Licenziamento se lo straniero non conosce la lingua: è legittimo ?
Un qualsiasi lavoratore teme sempre di poter essere licenziato dal suo datore. È normale che dietro una decisione così drastica possa esserci una miriade di motivazioni non condivise dal dipendente. Ma per gli stranieri il discorso diventa un po’ più complesso.
Molte volte, chi non parla bene l’italiano può incorrere in difficoltà di approccio con il suo datore o in genere nel luogo di lavoro.
Può essere questo motivo di licenziamento?
E soprattutto si configura lecito questo licenziamento. Ad occuparsi di una situazione simile è stato il Tribunale di Busto Arsizio. Vediamo la vicenda.
La vicenda nel dettaglio
Più nel dettaglio, un dipendente straniero aveva reagito al licenziamento chiedendo all’azienda presso cui lavorava di essere reintegrato in azienda.
La giustificazione del datore di lavoro è stata al quanto “bizzarra”: ovvero che non potevano riprendere il soggetto dentro l’organico in quanto il lavoratore in questione non parlava bene l’italiano.
Spesso nel mondo del lavoro si è soggetti a questa forma di razzismo o discriminazione.
In tal caso si parla di licenziamento discriminatorio in quanto basato su motivazioni legate al sesso, alle ragioni politiche, religiose, razziali, etniche, nazionali, di orientamento sessuale, di handicap e di affiliazione sindacale.

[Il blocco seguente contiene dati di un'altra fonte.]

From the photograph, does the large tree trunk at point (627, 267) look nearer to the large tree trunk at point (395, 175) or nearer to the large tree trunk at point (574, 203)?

Il caso in questione è rientrato in questo novero (il licenziamento discriminatorio è sempre nullo).
Il licenziamento ritorsivo
Distinto dal discriminatorio c’è il licenziamento ritorsivo detto anche rappresaglia. Si tratta di una presa di posizione del datore di lavoro (ingiusta) rispetto ad un atteggiamento assunta dal lavoratore o da altra persona ad esso legata.
Secondo la legge, questo tipo di licenziamento non è valido nel momento in cui il motivo posto in essere rappresenta la sola ragione che ha spinto il datore a recedere dal contratto di lavoro.
Tuttavia, se pure ingiustificato, quando il recesso si ricollega a più motivi, e dunque la rappresaglia è solo uno dei tanti, il licenziamento non si configura come nulla ma soltanto illegittimo/ingiustificato.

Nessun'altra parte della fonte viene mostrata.